>>>

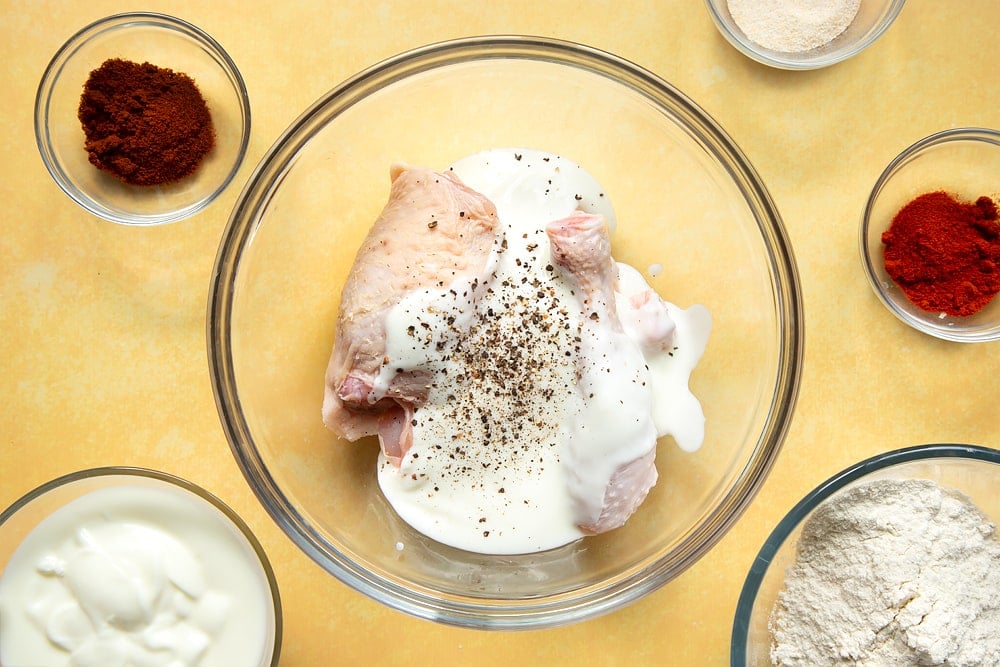 Chicken thighs and drumsticks in a large bowl, covered with buttermilk plus salt and pepper.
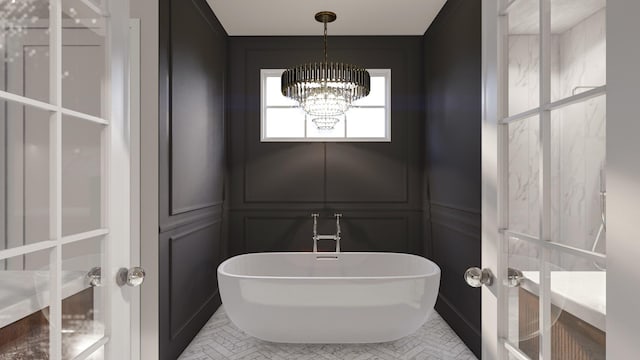 full bath featuring a freestanding bath, a chandelier, and a decorative wall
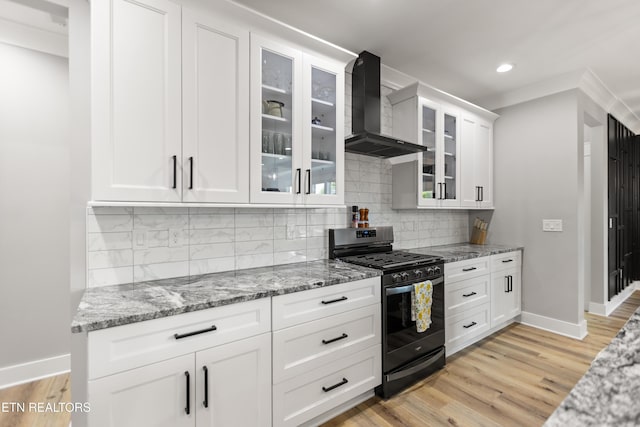 kitchen with light stone countertops, baseboards, gas stove, and wall chimney range hood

<<<

Task prompt:
Since pictures are not part of the copy, set down only the remaining data exactly.

Task output:
 Chicken thighs and drumsticks in a large bowl, covered with buttermilk plus salt and pepper.
 full bath featuring a freestanding bath, a chandelier, and a decorative wall
 kitchen with light stone countertops, baseboards, gas stove, and wall chimney range hood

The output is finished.